It’s not about age, in my experience, rather about their experience with gaming. The people who’ve played old-school games will be more likely to try shenanigans. Talk about limitations breeding creativity. You have a 10-foot pole, 50 feet of rope, and five days of food and water. Go. Whereas players who haven’t tend to find answers on the character sheet and in the rules.
this one I am 50 50 on... I have had MANY fights that I figured my set up was full of cool things and no one used them... but also plenty of times I give a 2 sentence description we roll initiative and a player will hit me with "Hey are there any ____ near me" and CREATE there own interesting terrain.

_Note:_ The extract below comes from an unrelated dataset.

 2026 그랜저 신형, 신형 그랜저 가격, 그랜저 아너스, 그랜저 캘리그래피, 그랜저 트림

Yep. Anything that’s reasonably there is there. But it won’t be as reliable as a sword swing or a cantrip nor will it do as much damage, so it’s ignored by less experienced players.

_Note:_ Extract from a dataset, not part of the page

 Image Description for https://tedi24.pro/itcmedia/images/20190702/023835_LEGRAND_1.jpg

yeah me and my group are not big on timer/deadlines... if it comes up once or twice we will roll with it but after that we normally are like "It can wait"
For me, verisimilitude is king. A group of adventurers who sits on their hands while the big bad slaughters people are generally seen as just as evil as the big bad.

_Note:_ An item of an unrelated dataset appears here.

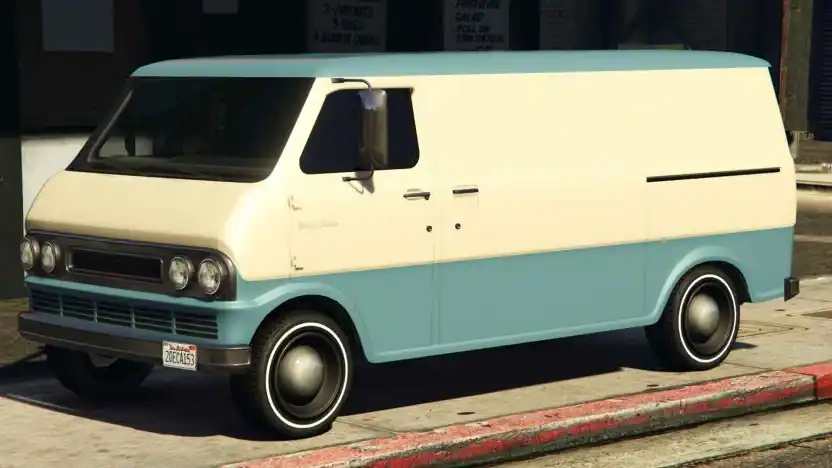 Youga Classic — reveal image 5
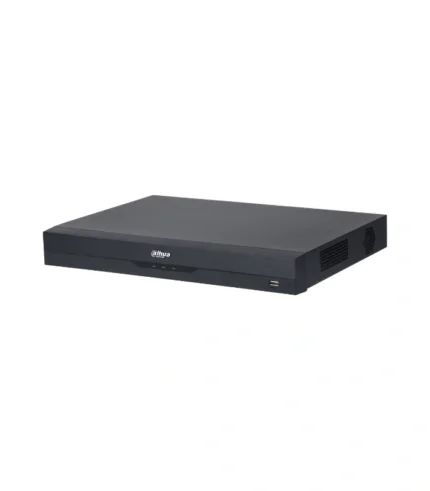 DH-XVR4232AN-I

I don't get it... have you tried using the strixhaven rules? they have some great 'relationship' rules I find new players like to putz with.
Just like the answer isn’t on your character sheet, the answer isn’t more rules. If the players don’t care, I’m not going to port in subsystem after subsystem to try to make them.

I already tried that and it didn’t work. Unlimited inspiration. The optional rule for awarding inspiration for thematic play and the theme was swashbuckling adventure. Handed out advantage for anything that wasn’t line up and smash. And they still just lined up and smashed. It’s one of the main reasons I dropped 5E and went back to older editions and other games.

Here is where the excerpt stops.